Both were slightly modified to take parts as input and return two vectors.

Modified XAXA:

--!strict

local function GetBoundingBox(parts: {BasePart}): (Vector3, Vector3)
	local abs = math.abs
	local inf = math.huge
	local minx, miny, minz = inf, inf, inf
	local maxx, maxy, maxz = -inf, -inf, -inf
	for _, obj in parts do
		local cf = obj.CFrame
		local size = obj.Size
		local sx, sy, sz = size.X, size.Y, size.Z
		local x, y, z, R00, R01, R02, R10, R11, R12, R20, R21, R22 = cf:GetComponents()
		local wsx = 0.5 * (abs(R00) * sx + abs(R01) * sy + abs(R02) * sz)
		local wsy = 0.5 * (abs(R10) * sx + abs(R11) * sy + abs(R12) * sz)
		local wsz = 0.5 * (abs(R20) * sx + abs(R21) * sy + abs(R22) * sz)
		if minx > x - wsx then minx = x - wsx end
		if miny > y - wsy then miny = y - wsy end
		if minz > z - wsz then minz = z - wsz end
		if maxx < x + wsx then maxx = x + wsx end
		if maxy < y + wsy then maxy = y + wsy end
		if maxz < z + wsz then maxz = z + wsz end
	end
	local omin, omax = Vector3.new(minx, miny, minz), Vector3.new(maxx, maxy, maxz)
	return (omax+omin)/2, (omax-omin)
end

Modified Pyseph:

--!strict

local GetComponents = CFrame.identity.GetComponents
local inf = math.huge
local negInf = -inf

local function GetBoundingBox(parts: {BasePart}): (Vector3, Vector3)
	local minx, miny, minz = inf, inf, inf
	local maxx, maxy, maxz = negInf, negInf, negInf
	for _, part in next, parts do
		local cf = part.CFrame
		local size = part.Size
		local sx, sy, sz = size.X, size.Y, size.Z
		local x, y, z, R00, R01, R02, R10, R11, R12, R20, R21, R22 = GetComponents(cf)
		local wsx = 0.5 * (math.abs(R00) * sx + math.abs(R01) * sy + math.abs(R02) * sz)
		local wsy = 0.5 * (math.abs(R10) * sx + math.abs(R11) * sy + math.abs(R12) * sz)
		local wsz = 0.5 * (math.abs(R20) * sx + math.abs(R21) * sy + math.abs(R22) * sz)
		minx = minx > x - wsx and x - wsx or minx
		miny = miny > y - wsy and y - wsy or miny
		minz = minz > z - wsz and z - wsz or minz
		maxx = maxx < x + wsx and x + wsx or maxx
		maxy = maxy < y + wsy and y + wsy or maxy
		maxz = maxz < z + wsz and z + wsz or maxz
	end
	local omin, omax = Vector3.new(minx, miny, minz), Vector3.new(maxx, maxy, maxz)
	return (omax + omin) * 0.5, (omax - omin)
end

16 parts (R15)

o2

Variant	Throughput	Latency	vs.
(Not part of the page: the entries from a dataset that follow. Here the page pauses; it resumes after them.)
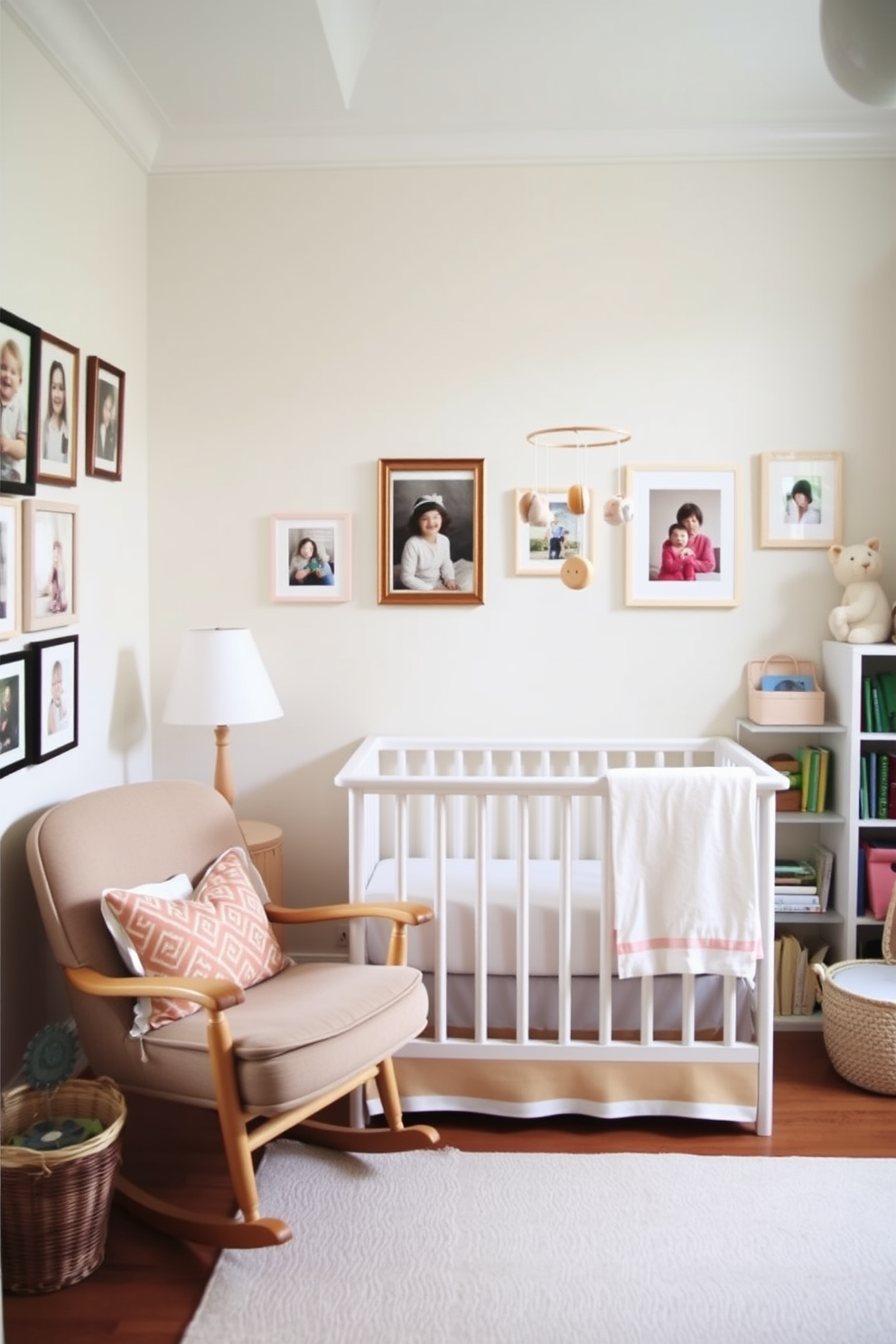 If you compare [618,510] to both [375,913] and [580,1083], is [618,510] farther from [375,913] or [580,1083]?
[580,1083]

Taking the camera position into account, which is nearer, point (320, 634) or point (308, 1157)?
point (308, 1157)

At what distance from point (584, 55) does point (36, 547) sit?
1.86 metres

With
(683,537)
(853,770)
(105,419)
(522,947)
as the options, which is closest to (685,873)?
(522,947)

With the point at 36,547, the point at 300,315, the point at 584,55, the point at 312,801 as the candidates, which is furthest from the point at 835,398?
the point at 36,547

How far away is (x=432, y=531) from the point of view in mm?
3354

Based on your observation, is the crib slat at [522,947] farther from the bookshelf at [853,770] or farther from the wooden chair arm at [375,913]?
the bookshelf at [853,770]

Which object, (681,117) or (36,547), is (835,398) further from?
(36,547)

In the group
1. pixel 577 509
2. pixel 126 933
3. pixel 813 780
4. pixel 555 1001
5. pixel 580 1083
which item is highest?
pixel 577 509

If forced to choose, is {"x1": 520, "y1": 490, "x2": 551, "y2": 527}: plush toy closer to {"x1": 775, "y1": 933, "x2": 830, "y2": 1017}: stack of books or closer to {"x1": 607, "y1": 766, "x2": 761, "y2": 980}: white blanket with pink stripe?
{"x1": 607, "y1": 766, "x2": 761, "y2": 980}: white blanket with pink stripe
Baseline
XAXA	292,748 ops/sec	3.28 µs	1.00x
Pyseph	298,619 ops/sec	3.21 µs	1.02x
Daw	364,471 ops/sec	2.69 µs	1.25x

o2 + native

Variant	Throughput	Latency	vs. Baseline
XAXA	360,628 ops/sec	2.68 µs	1.00x
Pyseph	376,760 ops/sec	2.49 µs	1.04x
Daw	432,832 ops/sec	2.19 µs	1.20x

568 parts (Classic House)

o2

Variant	Throughput	Latency	vs. Baseline
XAXA	8,582 ops/sec	114.37 µs	1.00x
Pyseph	8,817 ops/sec	111.96 µs	1.03x
Daw	10,299 ops/sec	96.18 µs	1.20x

o2 + native

Variant	Throughput	Latency	vs. Baseline
XAXA	10,586 ops/sec	92.11 µs	1.00x
Pyseph	11,285 ops/sec	86.78 µs	1.07x
Daw	12,563 ops/sec	79.11 µs	1.19x

6780 parts (Roblox HQ Towers)

o2

Variant	Throughput	Latency	vs. Baseline
XAXA	709 ops/sec	1.40 ms	1.00x
Pyseph	729 ops/sec	1.36 ms	1.03x
Daw	842 ops/sec	1.18 ms	1.19x

o2 + native

Variant	Throughput	Latency	vs. Baseline
XAXA	865 ops/sec	1.15 ms	1.00x
Pyseph	920 ops/sec	1.07 ms	1.06x
Daw	1,007 ops/sec	993.70 µs	1.16x

13,521 parts (16 Doomspire towers)

o2

Variant	Throughput	Latency	vs. Baseline
XAXA	327 ops/sec	3.01 ms	1.00x
Pyseph	334 ops/sec	2.94 ms	1.02x
Daw	390 ops/sec	2.53 ms	1.19x

o2 + native

Variant	Throughput	Latency	vs. Baseline
XAXA	402 ops/sec	2.48 ms	1.00x
Pyseph	427 ops/sec	2.32 ms	1.06x
Daw	470 ops/sec	2.12 ms	1.17x

Unlike other implementations, my variant doesn’t provide orientation parameter and instead of a model, it takes list of parts to provide more control over what parts get included which is essential for me as I wanted to figure out a bounding box of a player character without their accessories. If you don’t need this level of control, you should use Model:GetBoundingBox as it is the fastest and most convenient.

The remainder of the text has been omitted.